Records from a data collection
-------

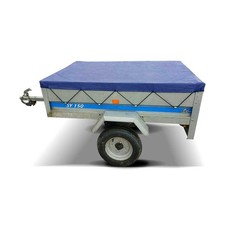 New Hardwearing Trailer Cover For Erde 143,153,Daxara 148,158 (150 x 105 x 8cm)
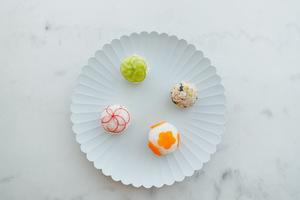小朋友喜欢的可爱球球海苔饭团（日式手鞠寿司）15分钟快速食谱的做法 步骤12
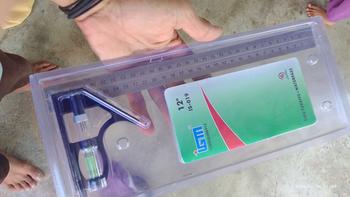 Product Review of SIKU TUKANG WATERPASS IGM 12in - Grafir Penggaris Siku Waterpas L 12 inci Mistar Siku Kombinasi Siku Bangunan 30 cm Siku Waterpass Multiguna IGM IS-019 from ƙ**ɳ α**ɳ 1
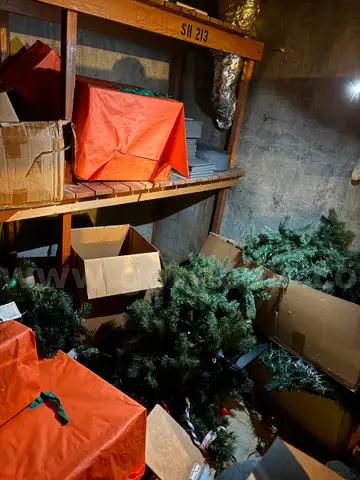 Lot of Christmas Items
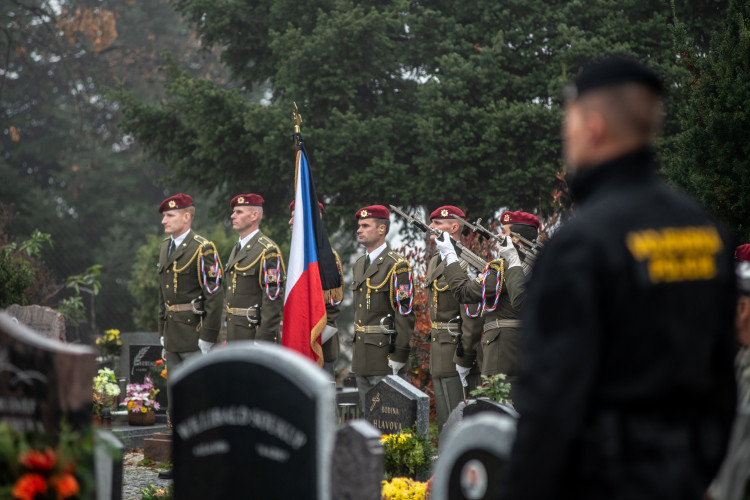 Pohřeb Tomáš Procházka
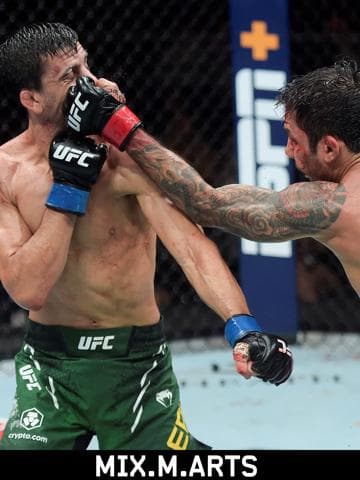 UFC 301: Pantoja vs. Erceg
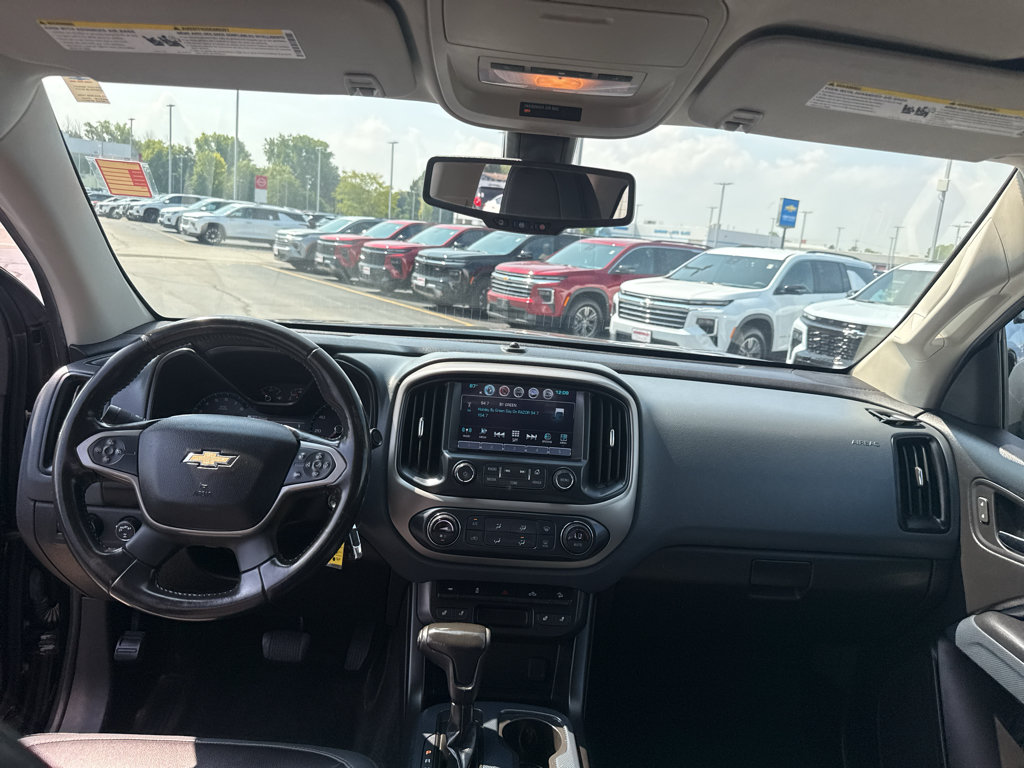 Certified 2018 Chevrolet Colorado Z71 AWD/4WD image 29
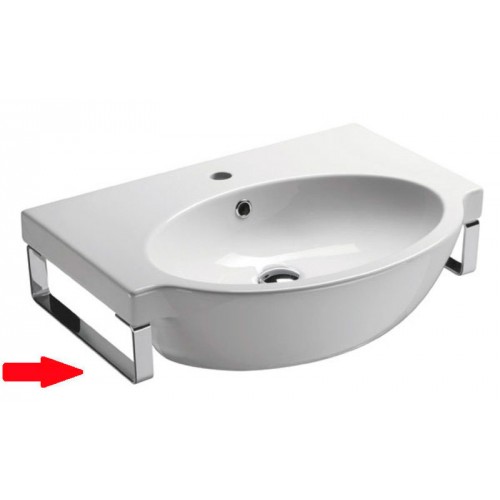 SAPHO PANORAMA PAPL01 držiak uterákov 48cm, chróm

-------

What you have to do: Your answer must be an exact copy of every entry, with the pictures left out.

Solution below:
 New Hardwearing Trailer Cover For Erde 143,153,Daxara 148,158 (150 x 105 x 8cm)
小朋友喜欢的可爱球球海苔饭团（日式手鞠寿司）15分钟快速食谱的做法 步骤12
 Product Review of SIKU TUKANG WATERPASS IGM 12in - Grafir Penggaris Siku Waterpas L 12 inci Mistar Siku Kombinasi Siku Bangunan 30 cm Siku Waterpass Multiguna IGM IS-019 from ƙ**ɳ α**ɳ 1
 Lot of Christmas Items
 Pohřeb Tomáš Procházka
 UFC 301: Pantoja vs. Erceg
 Certified 2018 Chevrolet Colorado Z71 AWD/4WD image 29
 SAPHO PANORAMA PAPL01 držiak uterákov 48cm, chróm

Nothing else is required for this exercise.